Martin Moore was also tracking down data; Mark Bentley tracked down PCT and SHA populations; and I used my Twitter network to find other sources, while using advanced search techniques to track down a range of NHS data websites (there are, it appears, a lot), including earnings data and translations of industry jargon. Andrew Mackenzie actually used a telephone, calling people at West Midlands Observatory, getting contextual information and leads for NHS data, and working out ONS subgroup area codes & ONS group areas.
If that paragraph has not completely geeked you out, you’re doing well.
I bookmarked most of the data sources I found at http://delicious.com/paulb/data+health. Here are just a selection:
- Online GP practice results database
- Health Poverty Index allows you to compare poverty indicators in 2 different areas (click on ‘Tabled data’ on the left to get it in more scrapable form).
- NHS Comparators allows you to look at differences in referral and access rates at various levels including GP practice but requires you to register – Andrew Mckenzie found that it would be a week or so before that was processed.
- Hospital episodes statistics (HES) and
- NHS Choices API
- West Midlands Public Health Observatory
By the end of the day we had a national map of all 8,000 GP practices (the first 1,000 shown in the image above) – quite an achievement in itself, but not headline-grabbing yet. To give us an editorial angle for the end-of-day presentations, Rob searched for a spreadsheet of mental health prevalence and came up with the headlines that Manchester was the most ‘phobic’ place in Britain, and the Isle of Wight the least.

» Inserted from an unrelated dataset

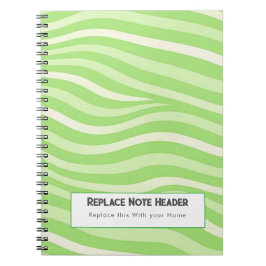 Personalized Lime Green Wave Patterned Notizblock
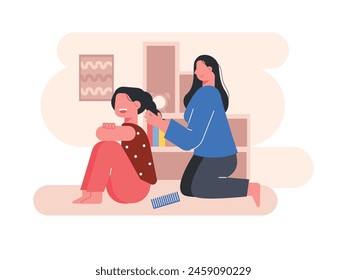 Mother is tying her daughter's hair in a ponytail in the living room. Character design. Vector flat illustration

The next step would be to add GP population information (taken from an FOI response on What Do They Know) and Quality and Outcomes Framework data (scraped from the GP practice results database). There may be ways to match results from the GMC database of medical practitioners to practices too, while FOI requests could add more specific information, and I’ve since been sent links to other potentially interesting datasets.
The Scraperwiki blog gives more detail on what the other projects produced – all of them were hugely impressive. Andy Brightwell blogged about their leisure data project – which “hoped to find out more about the relationship between population density, deprivation and the provision of leisure facilities” here. And Michael Grimes has created a page using HTML5 to visualise how the majority of the cancelled Building Schools for the Future were in Labour-controlled areas.
Both links provide further insight into the possibilities of data journalism in just one day.
Thankfully, it’s not going to be just one day. Podnosh have already organised a Speed Data event, and there are further hack days planned for Birmingham – specifically around health – by Talis and NHSlocal.